Sigue Bufano: “Pero al hacerlo, al lanzarse a la gran aventura que significa la lucha con las armas contra el formidable enemigo, el combatiente cae en la trampa –antigua trampa, por cierto-, de ser subyugado por la guerra, de ser atrapado por el vértigo que ella produce, seducido por los «gritos de guerra y victoria» a los que se refería –también subyugado-, el Che Guevara […] El combate es, por lo tanto, una fiesta, una gratificación de los sentidos. El bautismo de fuego es el primer contacto con el límite de la excitación. A partir de ese momento, conocido ese acto de exaltación, comenzará a producirse en muchos hombres el enamoramiento por la acción, la necesidad de repetir ese vértigo tan fácilmente confundible con el vértigo del amor”.

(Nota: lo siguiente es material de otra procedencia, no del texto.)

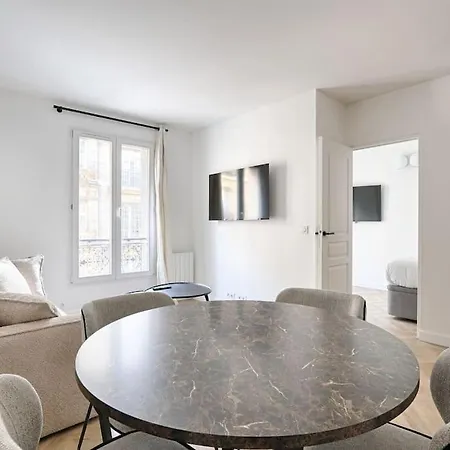 Apartment Saussier Ternes Charming 4p *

“Y a medida que se repita ese contacto con el combate se producirá un sentimiento místico que invariablemente distinguirá a los combatientes de aquellos que no lo son. Los primeros serán los que juegan con el riesgo, los que se acercan peligrosamente al límite de la vida y la muerte, los que conocen el placer de las grandes emociones, los que escuchan la música de guerra que el Che Guevara describió como «los cantos luctuosos». Guerra y fiesta se equiparan como actos en los cuales los hombres eliminan falsos temores para recuperar el regocijo y la alegría […] Todo revolucionario debe estar dispuesto a morir; esa es la regla del juego. Una vez iniciado el proceso que conducirá a la conquista del poder no existe retorno; se alcanza la victoria o el costo de la derrota será altísimo para los protagonistas”.
“En el instante en que asume el compromiso de tomar las armas para alcanzar el poder, adopta a la muerte como compañera de los próximos años, como dama que permanecerá a su lado y provocará en el revolucionario temor, seducción y en muchas ocasiones un irresistible deseo de poseerla. O mejor dicho, de ser poseído por ella […] Consciente de que la empresa es considerablemente grande el revolucionario sabe que la guerra que se inicie será larga y exigirá una cuota de sangre muy alta. Ofrece su vida como un sacrificio necesario para pagar el precio que reclama ese formidable objetivo final”.
De la misma manera en que los guerrilleros valoran poco sus vidas, o menos que sus ambiciones de poder, tampoco valoran las vidas de quienes se oponen a sus planes, de ahí su elevada peligrosidad. De haber triunfado en la faz militar, muchas más habrían sido las victimas inocentes en el proceso de imposición del socialismo en la Argentina. Al menos en todos los países en que fue implantado, fueron muchos los seres humanos que perdieron la vida al oponerse a la pérdida de libertad y de dignidad, ya que en forma natural se opusieron al despojo y a la servidumbre.
Cuando en procesos electorales el ciudadano vota a partidos políticos que se identifican con los “ideales” de los setenta, debe al menos conocer esas ideas junto a las ambiciones asociadas. Al menos, se espera que el votante tenga la dignidad suficiente como para aceptar luego su responsabilidad como elector haciéndose cargo en caso de que observe que el rumbo del país no es precisamente el que esperaba.